Yes this is a homework problem but I have attempted to solve it and my work is below, also this is my first question here so I'm sorry for any mistakes:
Question:
Context:
Let $A$ and $B$ be subsets of $\Bbb{Z}$, and let $F = \{f : A\to B\}$. Define a relation $R$ on $F$ by: for any $f,g\in F$, $fRg$ if and only if $f - g$ is a
constant function; that is, there is a constant $c$ so that $f(x) - g(x) = c$ for all $x\in A$.
Assume that $A=\{1,2,3\}$ and $B=\{1,2,\ldots,n\}$ where $n \geq 2$ is a fixed integer
Actual question:
Prove that for all $g,h \in F$ so that $gRh$, if there exists $a,b \in A$ so that $g(a) = 1$ and $h(b) = 1$ then $g = h$.
Attempted solution:
By definition $g(x) - h(x) = c$, from which we can write that $g(a) - h(a) = c$ and $g(b) - h(b) = c$. Now if we plug in the initial values: $1 - h(a) = c$ and $g(b) - 1 = c$. Next I equated them: $1 - h(a) = g(b) - 1$. And this is where I'm stuck, I know that in order for that to be true: $c = 0$, but I know that starting a proof with what I want to prove is incorrect so I can't use that in my reasoning.

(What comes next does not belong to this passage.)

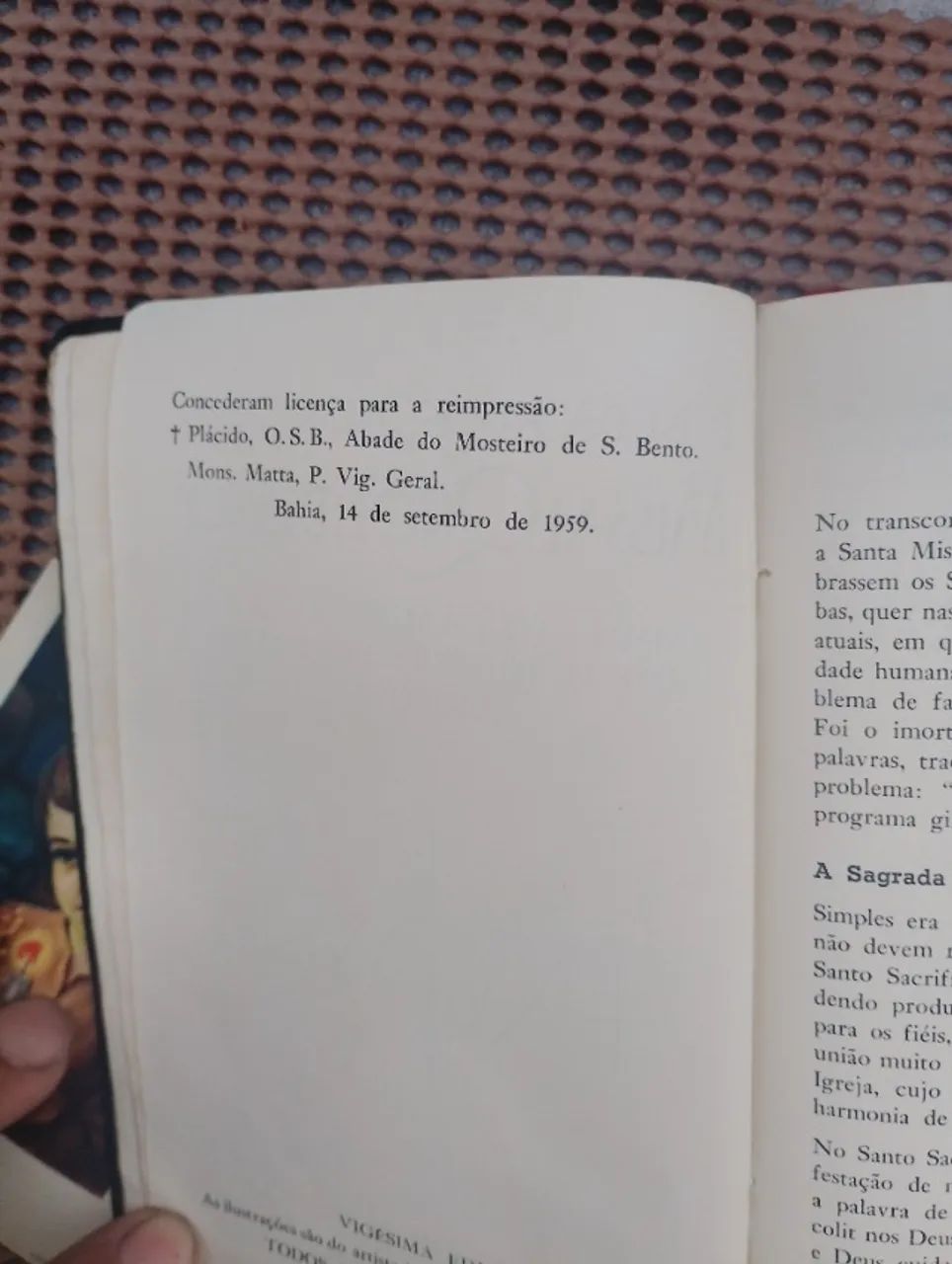 Missal quotidiano 1959 edição b   $200 - Foto 5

And where I am right now seems a bit useless for me...
I'm not asking for answers, any insight will be helpful, thank you!
Thanks! (And sorry if I made it complicated :-/
You just need to employ the properties of your range $B$. From your arguments, we have $1-h(a) = c$ and $g(b) -1 = c$. Additionally, we know that $h(a) \geq 1$, and $g(b) \geq 1$. Use these facts to conclude that $c=0$ indeed.
In more detail, since $h(a) \geq 1$, we have $c = 1-h(a) \leq 0$, and ...